Mike's Page

Informatics, Development, Cycling, Data, Travel ...

Month: May 2018

Bumblebee May 2018 Update

First flight

Last week we flew the bumblebee tracker for the first time.

It was really useful having lots of volunteers helping out!

Everyone helped fill the balloon!

Everyone helped fill the balloon!

It was surprisingly easy to get the balloon in the air, but the slightest gust did cause quite a bit of movement.

Balloon in flight (taken by Mike Livingstone)

Balloon in flight (taken by Mike Livingstone)

We successfully tracked the retroreflector from about 20m up. I need to make the software quicker.

Second flight

Today (28th May) we tested the bumblebee experiment again. It was almost the same as a test two weeks ago but the reflector used was slightly larger than before (about 0.9 cm2) and we used a filter. Again we tested the system by tracking a reflector attached to a string.


The ground and plants reflect relatively little UV and visible-violet spectrum. So we added to the camera a 390nm bandpass filter, that ranges from about 335nm [near UV] to 445nm [violet/deep-blue]. This had the effect of filtering out much of the background leaving the reflections from the camera flash/retroreflector.

We tested the system by moving the reflector on the end of a black string along the length of the site, to see if the system could identify its location.

Demonstration of tracking reflector from balloon mounted system

Demonstration of tracking reflector from balloon mounted system. Actual location marked with yellow circle. The identified location is marked with a white cross. The confidence in the identification is written in the title. Photos 5 seconds apart. Exposure: 2ms, Gain 30dB, blocksize/step/offset: 20/10/3.

We were able to track the fake-bee successfully – probably from about 30m high.
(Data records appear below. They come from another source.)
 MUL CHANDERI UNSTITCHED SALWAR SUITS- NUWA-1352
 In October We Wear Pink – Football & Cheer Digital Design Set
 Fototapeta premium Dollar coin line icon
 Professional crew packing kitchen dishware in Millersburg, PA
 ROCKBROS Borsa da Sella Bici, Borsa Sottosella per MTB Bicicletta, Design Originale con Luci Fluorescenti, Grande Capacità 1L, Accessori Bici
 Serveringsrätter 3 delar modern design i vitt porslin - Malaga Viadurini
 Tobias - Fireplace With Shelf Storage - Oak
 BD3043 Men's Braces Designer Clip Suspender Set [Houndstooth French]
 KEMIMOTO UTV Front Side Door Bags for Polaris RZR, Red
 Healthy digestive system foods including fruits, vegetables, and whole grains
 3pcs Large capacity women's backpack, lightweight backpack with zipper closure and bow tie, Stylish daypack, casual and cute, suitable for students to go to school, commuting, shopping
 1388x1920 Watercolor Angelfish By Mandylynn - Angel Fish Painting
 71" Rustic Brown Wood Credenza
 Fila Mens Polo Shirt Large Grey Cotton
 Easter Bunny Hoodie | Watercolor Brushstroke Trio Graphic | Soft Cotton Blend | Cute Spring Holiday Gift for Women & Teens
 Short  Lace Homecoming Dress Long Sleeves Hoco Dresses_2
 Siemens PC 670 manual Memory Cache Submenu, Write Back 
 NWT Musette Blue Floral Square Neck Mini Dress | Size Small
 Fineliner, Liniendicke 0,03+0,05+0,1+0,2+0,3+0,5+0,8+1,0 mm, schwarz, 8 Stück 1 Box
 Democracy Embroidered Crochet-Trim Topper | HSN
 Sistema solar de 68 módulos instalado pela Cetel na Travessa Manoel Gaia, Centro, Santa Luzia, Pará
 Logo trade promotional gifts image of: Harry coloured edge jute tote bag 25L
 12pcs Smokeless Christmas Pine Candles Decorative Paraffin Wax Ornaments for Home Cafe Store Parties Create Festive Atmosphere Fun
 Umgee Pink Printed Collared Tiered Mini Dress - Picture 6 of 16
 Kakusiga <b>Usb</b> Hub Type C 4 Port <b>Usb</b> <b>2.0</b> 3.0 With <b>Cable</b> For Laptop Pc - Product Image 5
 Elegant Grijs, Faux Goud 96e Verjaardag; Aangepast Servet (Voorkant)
I think it’ll work considerably higher, unfortunately we’ve not tested it that high yet. 30m feels suddenly really high when you’re looking up at it!

Balloon connection failure

The experiment came to an abrupt end when the balloon rubber loop failed, causing the hardware to fall and crash catastrophically. The balloon escaped.

I’d followed these instructions from public lab. However the single-rubber-loop wasn’t sufficient and failed.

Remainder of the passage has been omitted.